Neulich eröffnete sich mir beim Ausdrucken der Crew-Zusammenstellung der nächsten zwei Tage-Rotation aber eine gänzlich neue Konstellation: nur ein M (ännlich) auf der Liste, welche Cockpit- UND Cabin-Crew aufführt! Ok, am frühen Morgen kann sowas schon passieren, drum: Augen gerieben, Linsen zurechtgerückt und feucht-gezwinkert, neu fokkusiert. Mit demselben Resultat: nur ein M. Und das natürlich hinter meinem Namen! Ich als Quotenmann! 🙂
So war es denn auch, ich flog zum ersten Mal mit einer reinen Frauencrew. Und diesmal machte die “reine Frauencrew” nicht bei der kugelsicheren Cockpittüre halt, denn auch “der” Commander war eine Frau. Nach insgesamt rund eindreiviertel Jahren in der Swissair/Swiss war es zum ersten Mal soweit, dass ich mit einer FlugkapitänIN (derzeit gibt es bei Swiss International deren drei) fliegen durfte. Für mich kein Problem, da ich die Auffassung vertrete, dass Funktionen nur nach Fähigkeiten und nicht nach Hormonzusammensetzung zu besetzen sind und daher jede Quote des Geschlechts wegen verabscheue (dazu noch mehr weiter unten). Wie erwartet war die Zusammenarbeit mit einer Frau auf dem linken Sitz genau so interessant und abwechslungsreich mit ihren männlichen Pendands. Alles andere hätte mich überrascht.
Zwei interessante Fakten zu Frauen im Cockpit:
– Die KapitäntIN, mit der ich das Flugvergnügen hatte, war die erste Frau, welche bei Swissair die Pilotenausbildung angefangen hat und dementsprechend auch die erste KapitänIN bei Swissair mit inzwischen über 20 Jahren Flugerfahrung!

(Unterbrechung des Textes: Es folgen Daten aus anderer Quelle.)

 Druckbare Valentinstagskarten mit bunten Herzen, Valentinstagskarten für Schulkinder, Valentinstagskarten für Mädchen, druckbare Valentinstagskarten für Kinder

– Warum es vor ihr keine Frauen gab? Weil bis dahin das männliche Geschlecht ein Selektionsmerkmal war! Frauen konnten sich bis etwas nach Mitte der 80er-Jahre nicht als Pilotinnen bei Swissair bewerben! Der Grund dafür liegt in der Geschichte, denn in den Anfangstagen der Swissair selektionierte diese ihre Piloten aus der Luftwaffe (= Männer)…

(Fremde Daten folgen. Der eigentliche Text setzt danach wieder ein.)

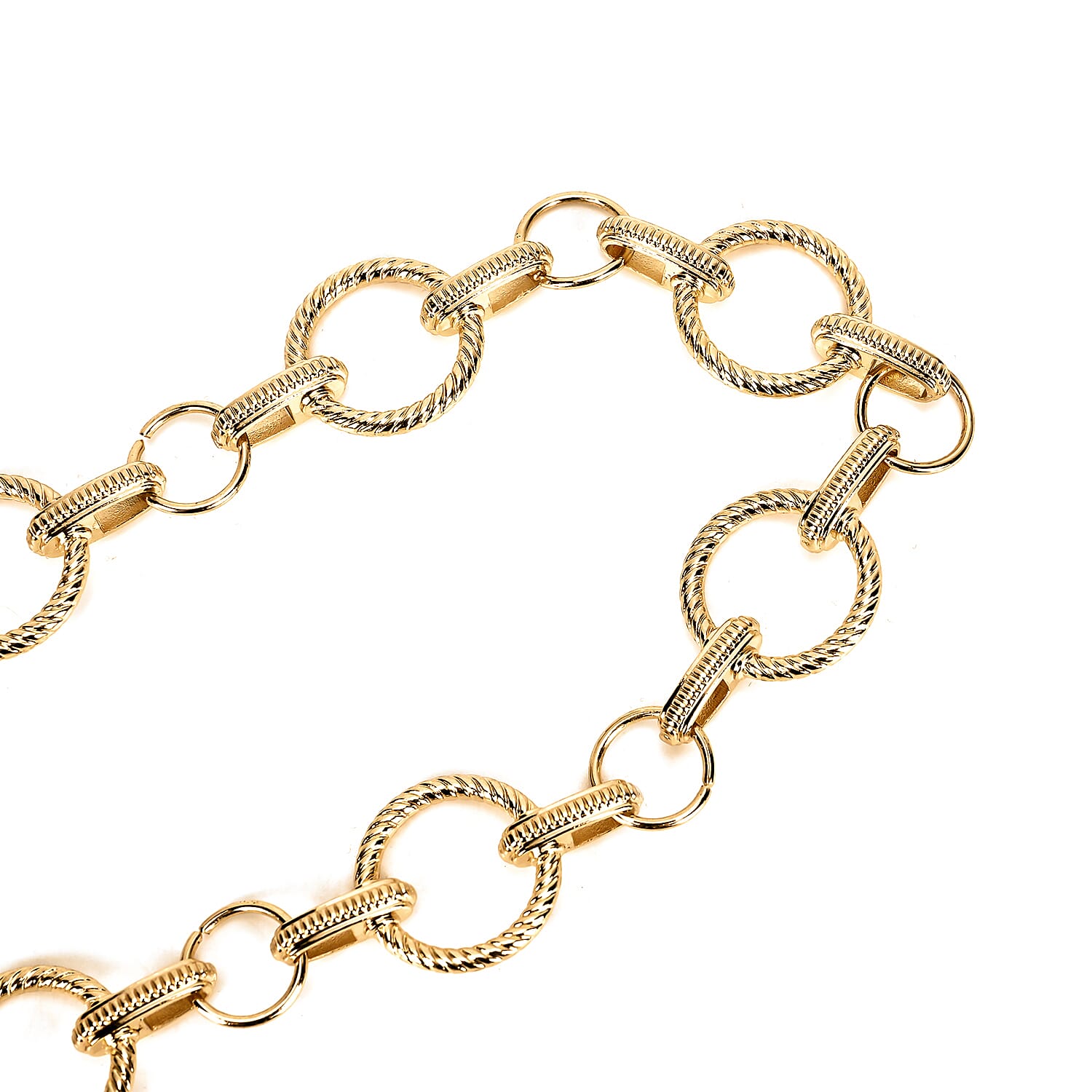 Women Ring Chain-Link Belt (Free Size,108 cm) - Golden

Zahlreiche männliche Passagiere geben ihrer Überraschung, dass sie eine Frau (!) wohlbehalten ans Ziel gebracht hat, offen Ausdruck. So meinte einer voller Freude beim Aussteigen: “Well done!” Weder zu mir , noch zu einem männlichen Kaptain habe ich dies je sagen hören. Und ich bin mir sicher, dass keiner dieser Gäste dem Piloten des Crossair-Fluges, der in Bassersdorf 2001 abgestürzt ist, dies nach einer Landung gesagt hätte, denn er war ja ein Mann und Kapitän, wie manN ihn sich vorstellt…
Diese geschlechterspezifische Denkweise ist leider noch in unseren Köpfen verankert und zwar nicht nur in denen der Männer (wie dieses Beispiel zeigt), sondern auch (und gerade) in denen der Frauen. Wie oft höre ich bei politischen Diskussionen, dass es super sei, dass wir soviele Frauen im Bundesrat haben und wie hervorragend die “Auffallen-um-jeden-Preis-mit-der-lustigen-Strähne-Bundesrätin” sei. Wenn ich nach ihrem politischen Leistungsausweis Frage, verstummen jeweils die Stimmen mehr oder weniger schnell. Menschen – egal welchen Geschlechts – die meinen, sie bräuchten Quoten um an Funktionen zu kommen, zeigen damit gerade, dass sie nicht in der Lage sind, aufgrund ihrer Fähigkeiten und Qualitäten ans Ziel zu kommen, weshalb sie ihr Geschlecht dafür nutzen. Das ist falsch, denn Quoten sind Schutzmechanismen, die nur der-/diejenige braucht, der nicht über die nötigen Fähigkeiten verfügt. Funktionen müssen nach Fähigkeiten und Leistungsausweisen und nicht nach X oder Y Chromosomen verteilt werden. Das gilt nicht nur im Cockpit, sondern in allen Lebensbereichen, auch in der Politik. Das wäre Gleichberechtigung!
Der für-einmal-Quotenmann hat fertig.